These are but a few of the shops I can recommend. I assume you'll be driving down the CA coast... you'll also drive past Soquell, Santa Cruz, Watsonville... I'm sure they have yarn shops as well. 

Santa Barbara is wonderful to visit. I wasn't knitting when my daughter attended the University, so I can't recommend. However, I do know they have yarns shops: Loop and Leaf, Santa Barbara Knitting Studio and Cardigans. The city is quite a town; has something for everyone; I'm sure you won't be disappointed with their yarns. 

What a fabulous trip you will be undertaking. Have fun!!


----------



## Goldengate (Jan 30, 2013)

In San Francisco, I would recommend Atelier Yarns, 1945 Divisadero St. Near California St. 415/771-1550

Across the bay in Alameda, I like Needle in a Haystack, 1734 Clement Ave.. 510/522-0404. Toll free - 877/429-7822


----------



## Marly (Dec 5, 2012)

kniturassoff said:


> Hi Charleen, I live in Victoria. We have Beehive on Douglas st which has a great variety of yarns but is expensive. My favorite yarnshop is on estevan in oak bay. It has an ongoing sidewalk sale this time of year. Also, if your in mill bay, whippletree junction along the main highway has 2 great yarnshops, one has 20% off in August and the other has local homespun. Happy cruising


What is the name of the one on Estevan in Oak Bay? thanks.


----------



## Marly (Dec 5, 2012)

CharleenR said:


> It would be nice to be a road trip, haven't done that in a long time. This trip happens to be a cruise that starts in Vancouver and ends in Los Angeles (where I live, why I didn't include that in the cities we are visiting. We will have a couple of extra days before things start in Vancouver.

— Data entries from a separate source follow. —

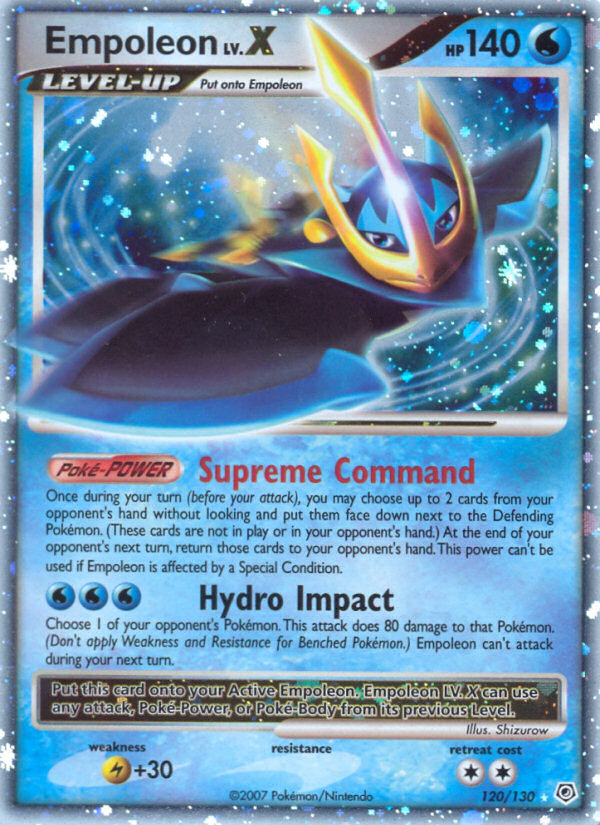 Empoleon LV.X - MoxLand - MoxLand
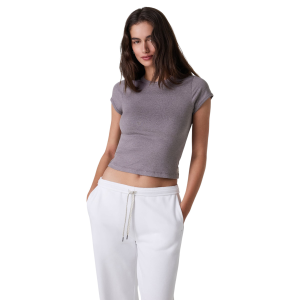 Vuori Short Sleeve Halo Baby Tee - Women's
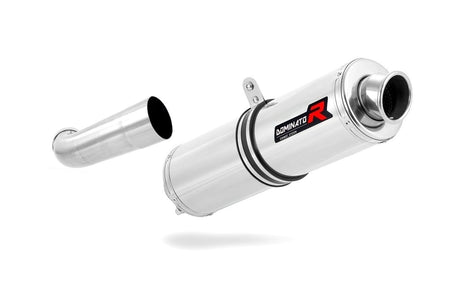 Moto Guzzi NORGE 850 Exhaust Silencer Muffler ST + dB killer medium
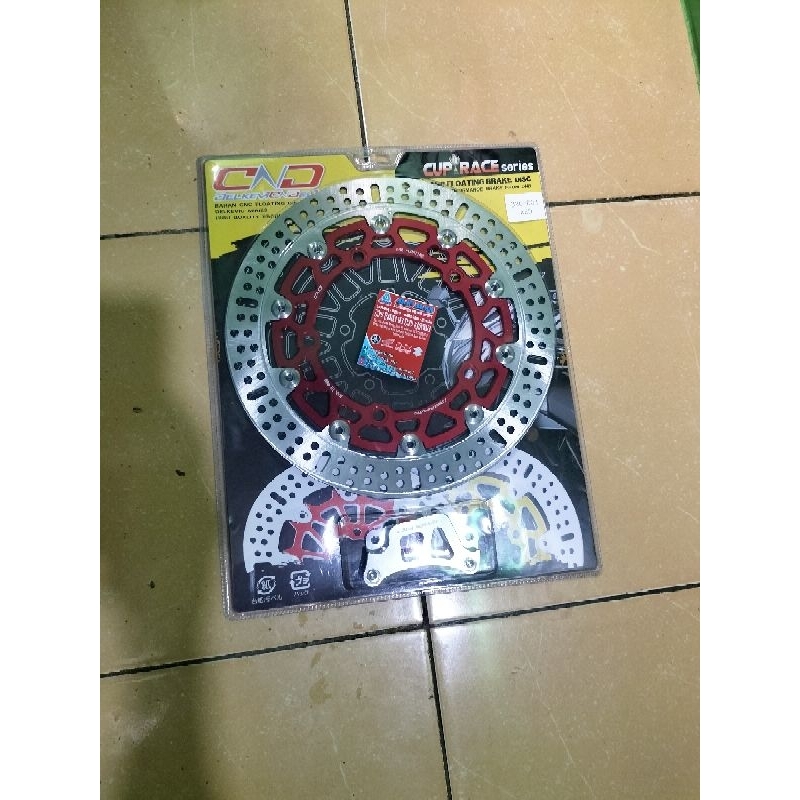 Piringan cakram depan DELKEVIC HONDA ALL NEW CBR150R FACELIFT K45G K45N K45R new CB150R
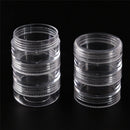1pc Pills Medicine Box Case Storage Organizer Holder Colorful 5 Slots Box Kw
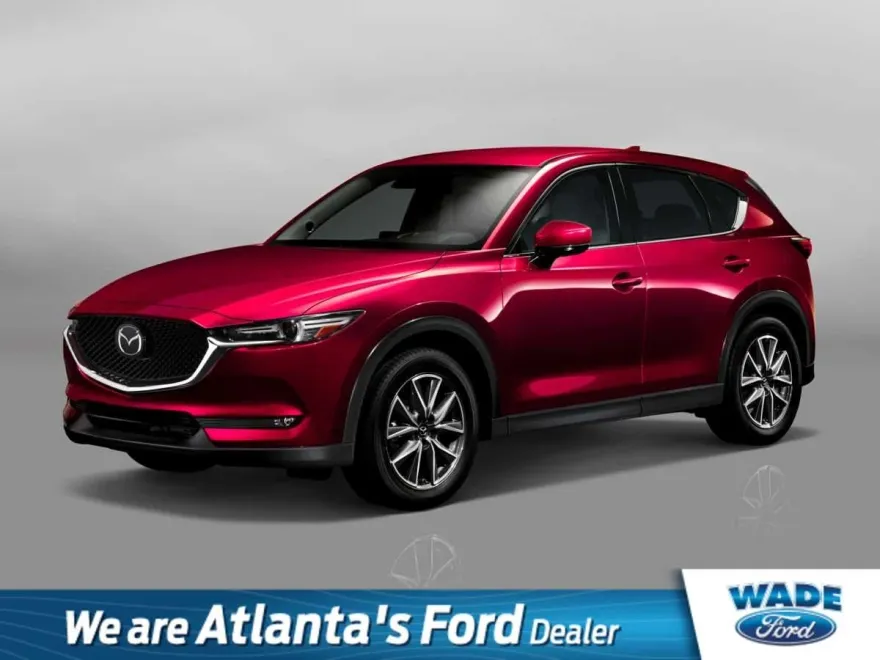2018 Mazda CX-5 Grand Touring photo 1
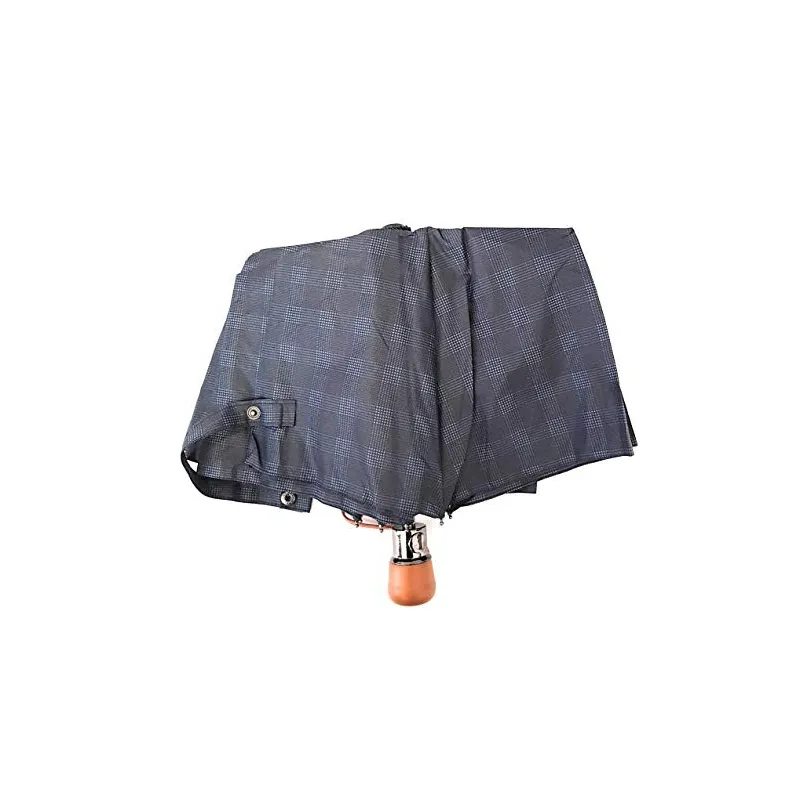 Ombrello Blue Drop Pieghevole a Scatto Antivento Fantasia 433 27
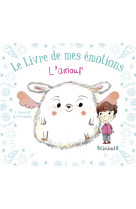 Le livre de mes émotions - l'amour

You must be going on an Alaska cruise, or maybe it is a repositioning one. Yes the wool shop in Victoria on Douglas Street called Beehive is expensive but it is an amazing shop with so much to boggle your mind, love the place.


----------



## CharleenR (Feb 21, 2012)

Wow, keep them coming! The Sept. trip will be a cruise but we are about to take a road trip this weekend to Paso Robles to visit some friends. And I am driving so can take a detour or two (even though my two companions are not knitters) We are going to get off the read in Los Olivos and probably at San Luis Obispo as well. I don't know if we will make it in to Solvang though I have been there before, fun place to shop and hang out.


----------



## Chickknitter9 (Nov 19, 2011)

If your are going down the Oregon Coast on hwy 101...which you really should..it is GORGEOUS....Oceans views that will take your breath away...stop in at Yarn for All Seasons in South Beach just south of Newport and then on down to Florence to visit Happy Kampers Yarn barn.


----------



## CharleenR (Feb 21, 2012)

It is a repositioning cruise (it will move from Alaska to Vancouver before we step onboard) I have been all the cities we are visiting but a long time ago before I got back into knitting.



Marly said:


> You must be going on an Alaska cruise, or maybe it is a repositioning one. Yes the wool shop in Victoria on Douglas Street called Beehive is expensive but it is an amazing shop with so much to boggle your mind, love the place.


----------



## dragonkeeper1 (Jan 9, 2013)

I think so. Also check out Spincycle Yarn.They sell online or at the Saturday Farmers Market. They don't have a shop. Their yarn is utterly yummy.


----------



## Glennys 2 (Jan 1, 2012)

I am so glad that you will be visiting the West Coast. The yarn shop in Astoria, Oregon is Custom Threads. It is a very nice shop with lots of yarn selections and quilting fabric. Welcome to Astoria.


----------



## CharleenR (Feb 21, 2012)

Thanks! I actually live on the west coast (live inland but work in Long Beach, California). I haven't been to Astoria since I was 20 (more than 25 years ago, there am dating myself). That trip was the last I took with my parents before getting married. We started in Los Angeles and drove from there to Vancouver, BC Canada and east along the Tran Canandian highway as far as Calgary before dropping back into the US in Glacier Park, and Yellowstone and working our way back west.


----------



## EFerg (Apr 9, 2012)

cynthiaknits said:


> I drool in Great Yarns, in Everett Washington


Me too. I love Great Yarns.


----------



## CharleenR (Feb 21, 2012)

Am in Solvang right now and did get a chance to peruse both Solvang Needlework and Village Spinning. Nice stuff! I really was surprised however at Rasmussen's who had yarn up on the second floor where the quilting stuff is. Also surprise that hubby indulged me that that is a different issue.....maybe because we went to a wine tasting room before we went shopping! Anyway got some nice yarn at both Rasmussen's and the Village Spinnin shop. Will go back to the Needlepoint place if I have a chance tomorrow.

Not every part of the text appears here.